WHAT THE EXERCISE ASKS ▸ Below are entries; output exactly the lines from the one with "Publicité pour le service Blue Simple Car" to the one with "image for page", both included, and nothing else.

DATASET EXCERPTS ▸
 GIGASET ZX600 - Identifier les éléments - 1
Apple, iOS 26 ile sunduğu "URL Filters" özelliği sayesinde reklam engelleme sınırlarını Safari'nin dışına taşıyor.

--

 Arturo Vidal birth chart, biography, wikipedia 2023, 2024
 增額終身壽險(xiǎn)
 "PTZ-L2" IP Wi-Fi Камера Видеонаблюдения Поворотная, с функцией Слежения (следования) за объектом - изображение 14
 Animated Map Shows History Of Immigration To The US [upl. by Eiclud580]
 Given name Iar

---

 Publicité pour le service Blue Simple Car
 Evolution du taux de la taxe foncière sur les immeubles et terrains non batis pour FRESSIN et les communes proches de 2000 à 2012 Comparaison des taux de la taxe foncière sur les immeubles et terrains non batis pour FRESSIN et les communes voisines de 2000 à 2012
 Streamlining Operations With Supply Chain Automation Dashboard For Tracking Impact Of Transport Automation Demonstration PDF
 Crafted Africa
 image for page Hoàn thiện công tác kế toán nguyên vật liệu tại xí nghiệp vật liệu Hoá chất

TASK RESULT ▸
 Publicité pour le service Blue Simple Car
 Evolution du taux de la taxe foncière sur les immeubles et terrains non batis pour FRESSIN et les communes proches de 2000 à 2012 Comparaison des taux de la taxe foncière sur les immeubles et terrains non batis pour FRESSIN et les communes voisines de 2000 à 2012
 Streamlining Operations With Supply Chain Automation Dashboard For Tracking Impact Of Transport Automation Demonstration PDF
 Crafted Africa
 image for page Hoàn thiện công tác kế toán nguyên vật liệu tại xí nghiệp vật liệu Hoá chất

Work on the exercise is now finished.